Matthew Wright: I’d just like to ask Senator Troeth if she’d like to speak. Thank you.

Senator Judith Troeth: Good morning everyone, and I too am delighted to be here and to acknowledge my parliamentary colleagues, Senators Milne and Xenophon. This is a fitting week for this launch with legislation to amend the renewable energy target likely to finally get passed in the Senate. Now the ambitions of this report are commendable. And while I may not agree with all of the recommendations put forward in this report, it’s important that we continue to have a robust debate in the most effective and efficient ways to reduce carbon emissions. And it’s just as important that we match this talk with action.

Now my colleague Petro Georgiou mentioned in Parliament recently that progress is not inevitable, and I was reminded of this when reading former US President Jimmy Carter’s speech in July 1979 that pledged by the year 2000 America would generate 20 per cent of its electricity from the sun. And it’s clear that we’ve all been talking about this for quite some time.

But the United States is making progress, with the Obama administration’s policy goal matching legislation passed last year in the US House of Representatives to reduce emissions to 17 per cent on 2005 levels by 2020, and by 83 per cent by 2050. Now the UK, of course, is already part of the European Union Emissions Trading Scheme, and New Zealand has its own cap and trade scheme.

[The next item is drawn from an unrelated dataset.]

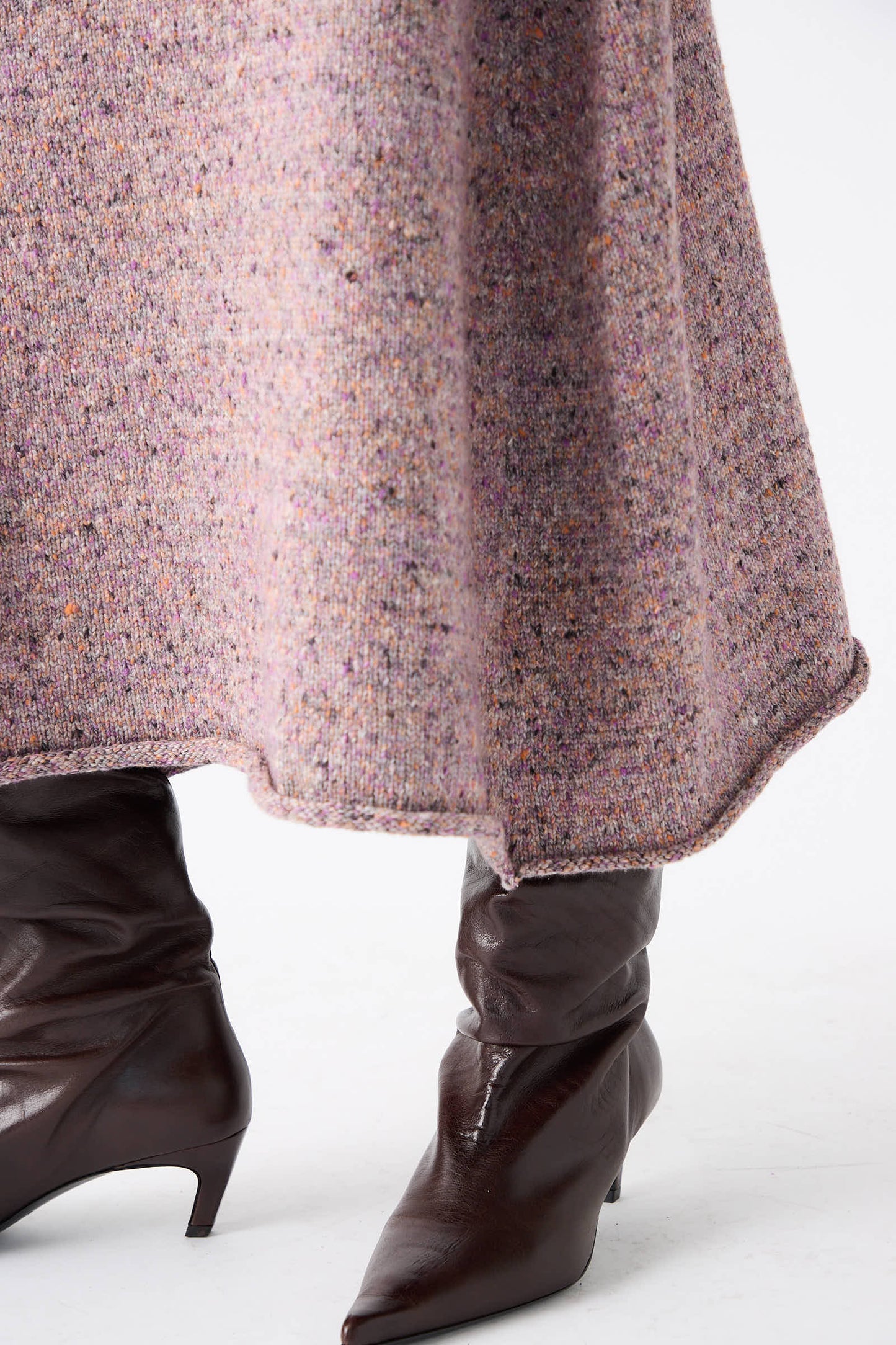 Close-up of a person wearing the Rachel Comey Neps Tweed Knit Rapt Skirt in Violet, featuring shades of pink and brown. The cocoon-shaped design pairs elegantly with dark brown, pointed-toe leather boots.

We have some leg work ahead of us in order to catch up.

Just before the end of last year, Beyond Zero Emissions came to see me in my Melbourne electorate office, and I remain very impressed by the insight and commitment that they readily present. We need vigorous and energetic minds like this to meet many of our challenges, particularly on climate change. I’m a supporter of market based solutions, and I think we have to look for the least expensive, most practical way for Australia to make the emissions cuts needed to meet our international climate obligations. But we also need complementary measures to support such a significant mitigation vehicle.
One such measure is an effective renewable energy target that helps drive industry innovation without the government necessarily picking out technology winners. It’s very important that we are not left waiting for the rest of the world. If we do, we’ll end up behind the international eight ball on innovation and technology. Something that Australia has the potential to be the world leader on if we match it with a government that has the political will to do so. So congratulations for your hard work and collaborative efforts on this very important body of work.

[Applause]

Matthew Wright: And I’ll ask Senator Nick Xenophon to the podium.

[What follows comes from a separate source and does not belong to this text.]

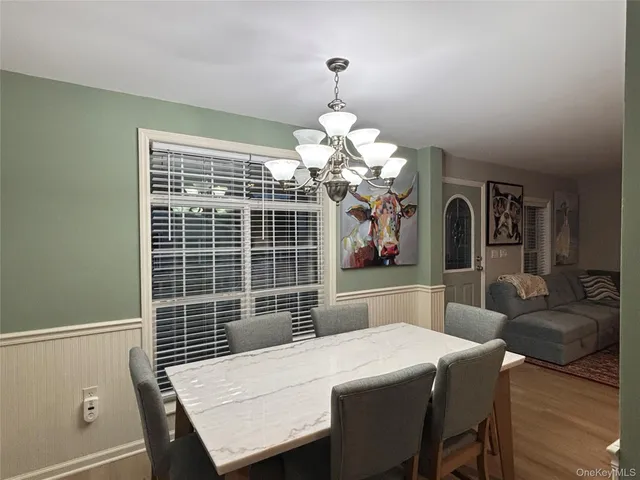 a bathroom with a toilet a sink and a shower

Senator Nick Xenophon: Thank you, and it’s great to be here with Judith and Christine. Preparing for today’s launch, I took some time to reflect on the debate surrounding the CPRS and exactly what went wrong. Personally, I believe that dealing with climate change really is the greatest moral challenge of our time. And that said, I get the feeling that some in this building might be happy to say stuff like that, but unwilling to back it up with action. So what went wrong? What actually killed action on climate change with an effective ETS? And I think ultimately compromise killed the ETS. Having talked tough, the Government introduced a very unambitious target of just five per cent. It was never going to be enough to deal with the issue, even from a risk management point of view. But getting – by setting such a meaningless target, it made it easier for the Government to walk away from that target when the going got tough.

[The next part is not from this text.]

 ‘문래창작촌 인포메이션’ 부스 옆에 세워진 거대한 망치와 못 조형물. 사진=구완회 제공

The Government compromised on the goal and made the goal easy to abandon. And that’s why I fully support the thinking behind the Zero Carbon Australia 2020 project. It’s not the five per cent cut project, or the twenty per cent cut project, with a bunch of unachievable caveats, it’s a zero carbon project. And I think people actually want to be told a narrative, a story which is ambitious, which is aspirational, but also practical. And I think that is what this project is about. It’s a plan for now, it’s practical; it’s a plan that’s achievable, requiring an estimated capital investment of between 3 to 3.5 per cent of GDP. Predictably, there will be a lot of commercial resistance to this type of plan, but I think it’s up to all of us to show the way forward: to show that climate change is a serious challenge. And I think what is inspirational about this project, this blueprint - and it’s actually a blue document – is that we can actually do things, we can actually be world leaders on this, even in the absence of an ETS.
And for those that say it’s not achievable, and I think Judith made mention to Petro Georgiou and progress, I’d like to finish off by referring to that old warhorse of British politics, Tony Benn, who once said: ‘it’s the same each time with progress. First they ignore you, then they say you’re mad, then dangerous, then there’s a pause, and then you can’t find anyone who disagrees with you’. And I think this is part of the process of not finding anyone who disagrees with us. This is part of that important stage. So thank you very much for inviting me to be part of this.

[Applause]

Matthew Wright: Thank you Nick, and it’s definitely a pleasure for Beyond Zero Emissions to have Senator Judith Troeth, Senator Nick Xenophon and Senator Christine Milne with us today. And up next we’ve got Mike Sandiford who’s Professor of Geology at the University of Melbourne. And just after him we’re also going to have actor Tom Long who’s going give his personal perspective on why this sort of challenge is something that really appeals to him and why he thinks the community should get behind that. So could we please have Professor Mike Sandiford to the lectern.

[Applause]

Professor Mike Sandiford: Thank you very much. And it’s a great pleasure for me to be here. I have the privilege of being the Director of the Melbourne Energy Institute, the new interdisciplinary institute at the University of Melbourne, which is tackling one of the big issues of our time, our energy systems. We have a particular focus on looking at sustainable energy systems. We bring together the work of over 200 researchers across the university, working on these issues in over seven faculties and a myriad of departments. And one of the great privileges of my job is to work with young people, young researchers and even students at the University of Melbourne who are fired up by the challenges our energy systems and our energy futures provide to them.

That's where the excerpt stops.